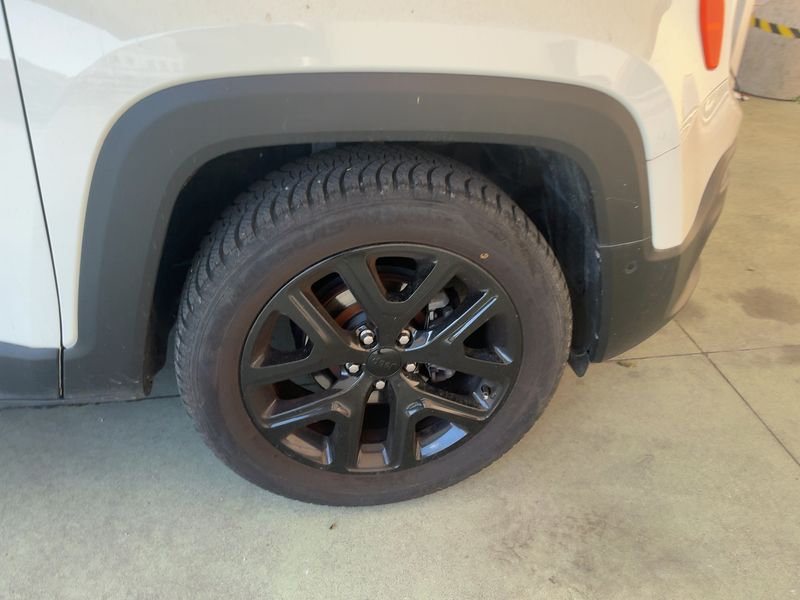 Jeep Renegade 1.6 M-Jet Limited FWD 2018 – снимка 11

* * *

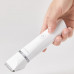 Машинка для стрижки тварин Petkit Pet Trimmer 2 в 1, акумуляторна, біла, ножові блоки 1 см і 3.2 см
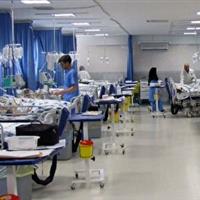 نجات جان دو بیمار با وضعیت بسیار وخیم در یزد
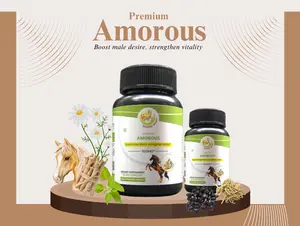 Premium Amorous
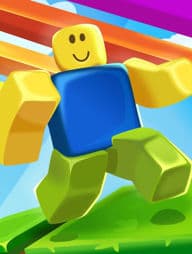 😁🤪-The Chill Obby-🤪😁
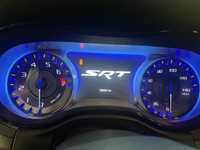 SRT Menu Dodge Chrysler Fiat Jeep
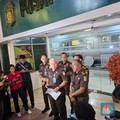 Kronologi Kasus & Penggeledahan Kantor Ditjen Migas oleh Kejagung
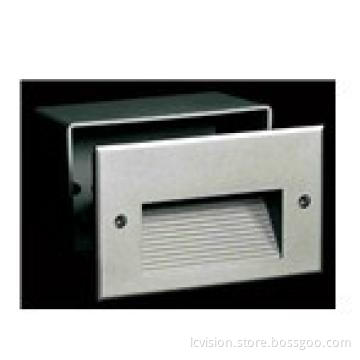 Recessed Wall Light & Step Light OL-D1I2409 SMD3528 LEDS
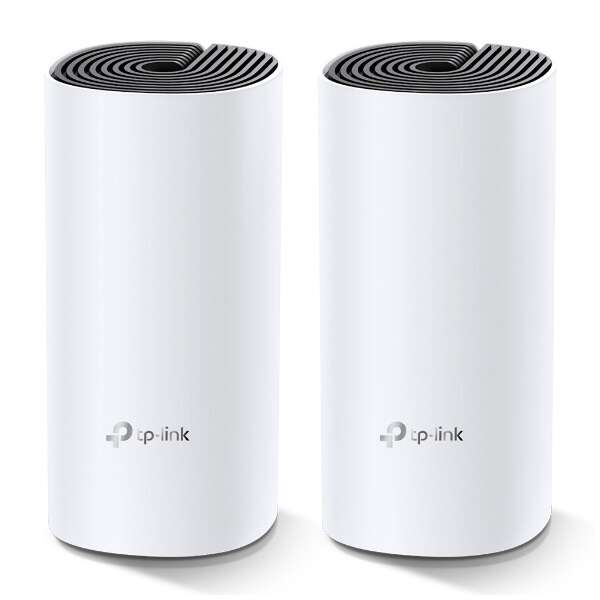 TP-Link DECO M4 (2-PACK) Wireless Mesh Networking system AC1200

Problem requirements
When copying from the data above, begin at the line containing "Recessed Wall Light" and end at the line containing "TP-Link DECO M4"; return those lines exactly and leave all pictures behind.

Result of the exercise
 Recessed Wall Light & Step Light OL-D1I2409 SMD3528 LEDS
 TP-Link DECO M4 (2-PACK) Wireless Mesh Networking system AC1200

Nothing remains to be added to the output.